This is our daily update of breaking COVID-19 news for Friday, March 6th, 2020. Previous daily updates can be found here. Our guide to preparing for the spread of coronavirus is here, and if you have lingering questions about the virus, here is our regularly updated coronavirus FAQ. Here are some local and state hotlines for more information: NYC: 311, NY State Hotline: 888-364-3065, NJ State Hotline: 800-222-1222.
Update 6:00 p.m. In a critical development for combatting the spread of coronavirus, New York City has expanded its testing capacity for COVID-19 from dozens to now hundreds of tests a day. At a press briefing, Mayor de Blasio said the increased testing capability came as a result of private labs coming online after securing FDA approval. However, he said even with the additional labs, the city still is short of its goal of being able to perform thousands of tests a day.

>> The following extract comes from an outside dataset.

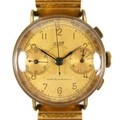 An unusual Niga gold plated gentleman's side by side chronograph wristwatch, Anti-Magnetic, circa 19...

He added that the city still needed the federal government to approve testing that was faster and more efficient.
"The faster we can do turnaround on results, the more we can address the situation," he said.
There have currently been five confirmed cases of the coronavirus in New York City.

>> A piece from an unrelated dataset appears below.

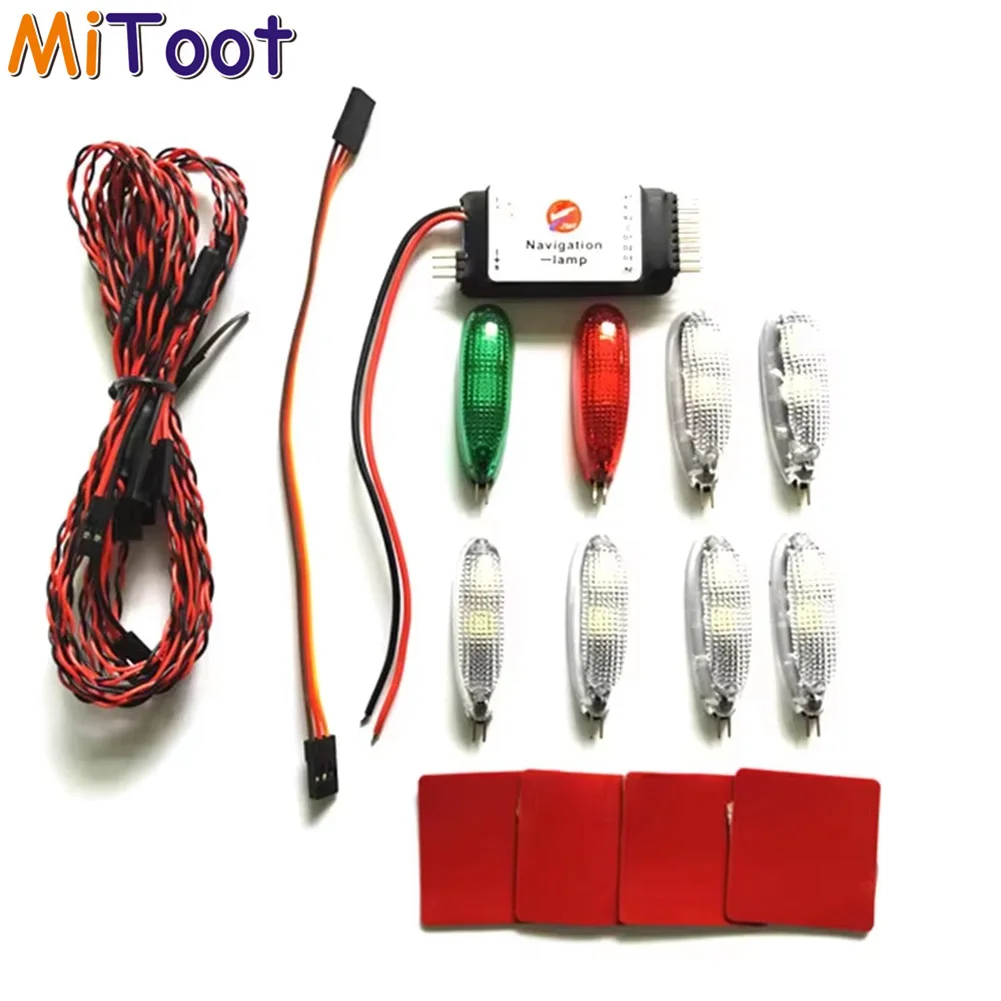 Simulation Navigation Light 3V LED 6 Modes 2-3S For RC Fixed-wing Aircraft Ducted Real Machine Effect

During the briefing, the mayor provided more details about two of the individuals who recently tested positive.
The newest case, which was reported this morning, is a 51-year man who lives on the Upper West Side and is connected to the Westchester attorney. The mayor said the man has no preexisting conditions and has mild symptoms.
His 47-year-old wife, and three daughters, ages 8, 10, 11 are also showing mild symptoms and were tested today. The results are still pending. The city's disease detectives have already interviewed the family members and are tracing their contacts, the mayor said.
Another case, a 32 year old health care worker who tested positive on Thursday, is currently in stable condition at Hackensack Medical Center. The man has residences in Midtown and Fort Lee. He has previously been described by New Jersey officials as working in New York.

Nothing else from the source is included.